- _TASK DESCRIPTION_
For the entries below, return the line holding "Personalized back-to-school pillow" together with all lines after it, unchanged, and leave every picture out.

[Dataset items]
┏━━
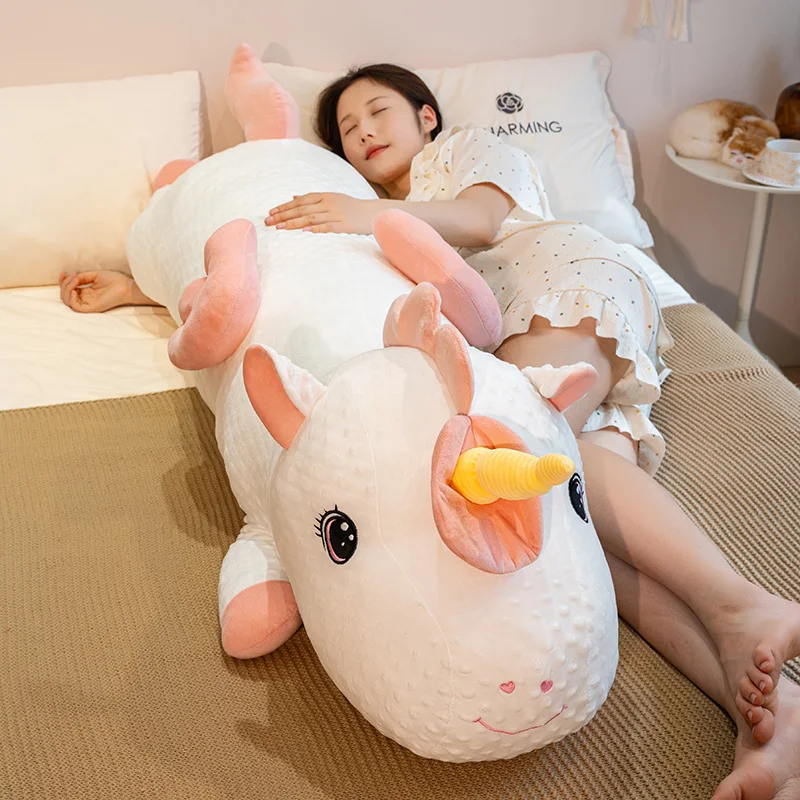 100/120 センチメートル漫画クールロングストリップユニコーンぬいぐるみ枕ソフト夏コールド生地ユニコーン動物ぬいぐるみ家の装飾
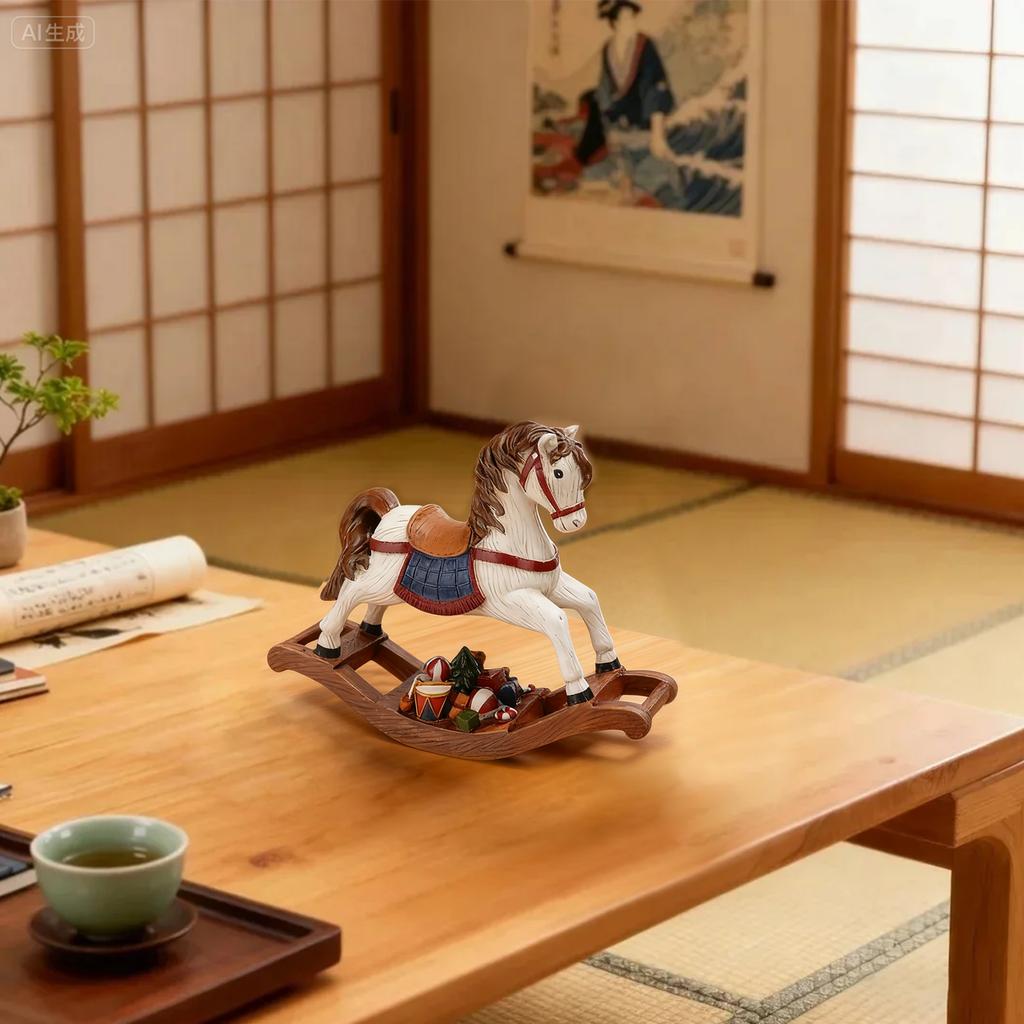 Christmas Wooden Horse Resin Crafts Christmas Tree Decoration Simulation Animal Ornaments Christmas Decoration Suitable For Home Party Bedroom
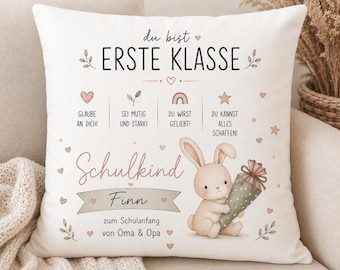 Personalized back-to-school pillow | Back-to-school gift with name | Schoolchild pillow | Gift from Grandma & Grandpa | Encouragement booster | 40x40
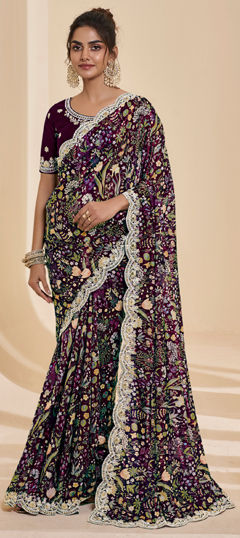 Purple and Violet color Saree in Crepe Silk fabric with Floral, Lace, Printed, Sequence work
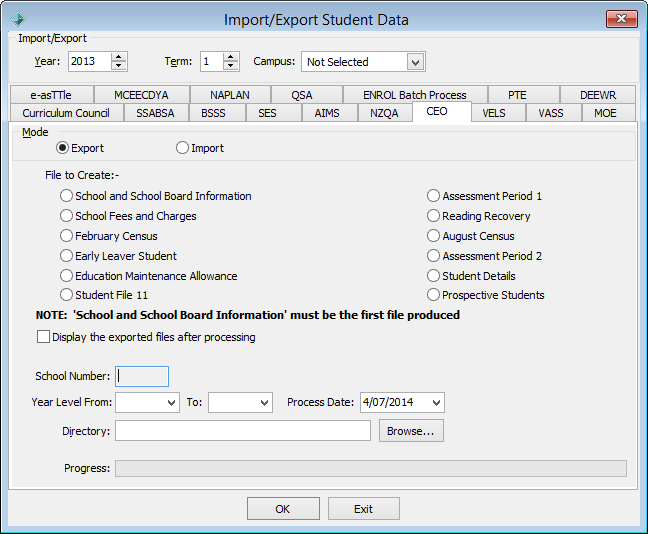 Import/Export Student Data - CEO tab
┗━━
- _REPLY_
 Personalized back-to-school pillow | Back-to-school gift with name | Schoolchild pillow | Gift from Grandma & Grandpa | Encouragement booster | 40x40
 Purple and Violet color Saree in Crepe Silk fabric with Floral, Lace, Printed, Sequence work
 Import/Export Student Data - CEO tab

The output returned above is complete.